Dataset:
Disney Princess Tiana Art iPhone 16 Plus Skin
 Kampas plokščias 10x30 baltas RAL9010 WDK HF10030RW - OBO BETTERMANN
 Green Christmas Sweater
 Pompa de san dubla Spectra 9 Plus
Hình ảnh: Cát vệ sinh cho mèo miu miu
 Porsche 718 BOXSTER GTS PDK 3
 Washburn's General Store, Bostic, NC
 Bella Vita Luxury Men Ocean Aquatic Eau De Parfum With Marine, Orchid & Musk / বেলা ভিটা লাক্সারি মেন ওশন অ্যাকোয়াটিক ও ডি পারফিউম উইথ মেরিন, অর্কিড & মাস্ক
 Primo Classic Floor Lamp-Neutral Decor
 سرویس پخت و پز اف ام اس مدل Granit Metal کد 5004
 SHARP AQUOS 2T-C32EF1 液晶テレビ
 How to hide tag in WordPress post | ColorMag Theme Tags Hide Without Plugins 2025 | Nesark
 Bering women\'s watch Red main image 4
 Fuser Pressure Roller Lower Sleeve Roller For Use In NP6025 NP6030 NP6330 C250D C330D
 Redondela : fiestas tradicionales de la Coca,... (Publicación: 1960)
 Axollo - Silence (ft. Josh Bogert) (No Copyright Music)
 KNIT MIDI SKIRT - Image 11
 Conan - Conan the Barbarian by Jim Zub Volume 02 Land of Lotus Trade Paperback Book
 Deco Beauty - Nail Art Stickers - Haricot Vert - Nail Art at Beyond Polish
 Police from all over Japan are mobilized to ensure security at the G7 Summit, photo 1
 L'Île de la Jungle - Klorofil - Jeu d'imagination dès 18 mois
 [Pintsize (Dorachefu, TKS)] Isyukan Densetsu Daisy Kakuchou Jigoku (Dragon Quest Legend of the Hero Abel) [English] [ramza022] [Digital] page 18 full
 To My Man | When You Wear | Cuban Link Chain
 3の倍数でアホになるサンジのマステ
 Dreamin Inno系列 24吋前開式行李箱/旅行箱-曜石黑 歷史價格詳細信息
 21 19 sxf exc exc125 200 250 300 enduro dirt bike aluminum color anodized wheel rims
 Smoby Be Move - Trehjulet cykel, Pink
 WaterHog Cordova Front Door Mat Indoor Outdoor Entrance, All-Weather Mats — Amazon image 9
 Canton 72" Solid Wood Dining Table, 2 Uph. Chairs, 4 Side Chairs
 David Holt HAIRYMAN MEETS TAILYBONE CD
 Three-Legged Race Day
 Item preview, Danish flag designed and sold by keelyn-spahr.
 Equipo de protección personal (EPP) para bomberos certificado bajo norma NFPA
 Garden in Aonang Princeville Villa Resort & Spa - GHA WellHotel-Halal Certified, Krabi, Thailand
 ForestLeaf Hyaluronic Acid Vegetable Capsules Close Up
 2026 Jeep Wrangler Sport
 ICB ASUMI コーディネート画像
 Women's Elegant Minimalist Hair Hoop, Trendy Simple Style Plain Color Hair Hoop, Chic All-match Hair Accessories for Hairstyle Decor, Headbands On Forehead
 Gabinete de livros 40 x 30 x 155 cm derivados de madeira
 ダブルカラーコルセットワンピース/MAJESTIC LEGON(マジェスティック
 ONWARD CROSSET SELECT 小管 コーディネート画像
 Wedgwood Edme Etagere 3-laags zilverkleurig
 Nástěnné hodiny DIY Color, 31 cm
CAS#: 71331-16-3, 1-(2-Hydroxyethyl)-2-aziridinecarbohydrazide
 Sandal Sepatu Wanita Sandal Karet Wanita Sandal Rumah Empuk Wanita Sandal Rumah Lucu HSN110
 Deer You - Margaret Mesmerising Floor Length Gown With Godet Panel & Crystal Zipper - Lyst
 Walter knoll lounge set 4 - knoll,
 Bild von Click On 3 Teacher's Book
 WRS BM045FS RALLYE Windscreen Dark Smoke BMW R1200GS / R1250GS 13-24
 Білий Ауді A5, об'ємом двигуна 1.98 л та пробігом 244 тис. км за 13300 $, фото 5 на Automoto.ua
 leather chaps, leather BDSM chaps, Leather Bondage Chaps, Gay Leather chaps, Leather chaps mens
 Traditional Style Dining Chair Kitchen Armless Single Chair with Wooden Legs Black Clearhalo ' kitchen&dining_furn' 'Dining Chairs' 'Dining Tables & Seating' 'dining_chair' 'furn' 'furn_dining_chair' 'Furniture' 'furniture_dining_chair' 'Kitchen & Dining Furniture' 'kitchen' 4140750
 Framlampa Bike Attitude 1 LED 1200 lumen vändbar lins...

What is being asked:
Copy out, from the material above, each line where the word "Chairs" is present.

Worked solution:
 Canton 72" Solid Wood Dining Table, 2 Uph. Chairs, 4 Side Chairs
 Traditional Style Dining Chair Kitchen Armless Single Chair with Wooden Legs Black Clearhalo ' kitchen&dining_furn' 'Dining Chairs' 'Dining Tables & Seating' 'dining_chair' 'furn' 'furn_dining_chair' 'Furniture' 'furniture_dining_chair' 'Kitchen & Dining Furniture' 'kitchen' 4140750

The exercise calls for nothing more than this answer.